┌─ RECORDS TO PROCESS

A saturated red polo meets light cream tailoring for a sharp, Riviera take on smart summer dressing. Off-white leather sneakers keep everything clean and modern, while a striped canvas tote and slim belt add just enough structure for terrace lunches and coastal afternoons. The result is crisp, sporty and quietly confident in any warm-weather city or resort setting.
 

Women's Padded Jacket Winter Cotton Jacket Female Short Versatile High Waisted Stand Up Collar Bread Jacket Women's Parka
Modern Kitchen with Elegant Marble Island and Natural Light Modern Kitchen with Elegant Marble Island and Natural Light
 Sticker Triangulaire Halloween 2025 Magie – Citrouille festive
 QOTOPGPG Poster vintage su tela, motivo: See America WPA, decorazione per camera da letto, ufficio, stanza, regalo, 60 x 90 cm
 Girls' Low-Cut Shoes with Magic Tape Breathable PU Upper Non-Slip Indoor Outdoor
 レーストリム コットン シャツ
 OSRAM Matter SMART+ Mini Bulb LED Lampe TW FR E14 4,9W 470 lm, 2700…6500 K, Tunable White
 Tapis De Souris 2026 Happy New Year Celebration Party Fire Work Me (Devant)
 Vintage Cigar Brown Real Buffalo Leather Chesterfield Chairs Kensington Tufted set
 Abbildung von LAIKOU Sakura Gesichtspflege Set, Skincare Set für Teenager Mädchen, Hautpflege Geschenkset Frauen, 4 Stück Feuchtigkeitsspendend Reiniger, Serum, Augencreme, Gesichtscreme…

└─

TASK DETAILS: The reply must consist solely of the lines from the one containing "Natural Light Modern" through the last line in the material above, reproduced exactly.

RESULT OF THIS EXERCISE:
Modern Kitchen with Elegant Marble Island and Natural Light Modern Kitchen with Elegant Marble Island and Natural Light
 Sticker Triangulaire Halloween 2025 Magie – Citrouille festive
 QOTOPGPG Poster vintage su tela, motivo: See America WPA, decorazione per camera da letto, ufficio, stanza, regalo, 60 x 90 cm
 Girls' Low-Cut Shoes with Magic Tape Breathable PU Upper Non-Slip Indoor Outdoor
 レーストリム コットン シャツ
 OSRAM Matter SMART+ Mini Bulb LED Lampe TW FR E14 4,9W 470 lm, 2700…6500 K, Tunable White
 Tapis De Souris 2026 Happy New Year Celebration Party Fire Work Me (Devant)
 Vintage Cigar Brown Real Buffalo Leather Chesterfield Chairs Kensington Tufted set
 Abbildung von LAIKOU Sakura Gesichtspflege Set, Skincare Set für Teenager Mädchen, Hautpflege Geschenkset Frauen, 4 Stück Feuchtigkeitsspendend Reiniger, Serum, Augencreme, Gesichtscreme…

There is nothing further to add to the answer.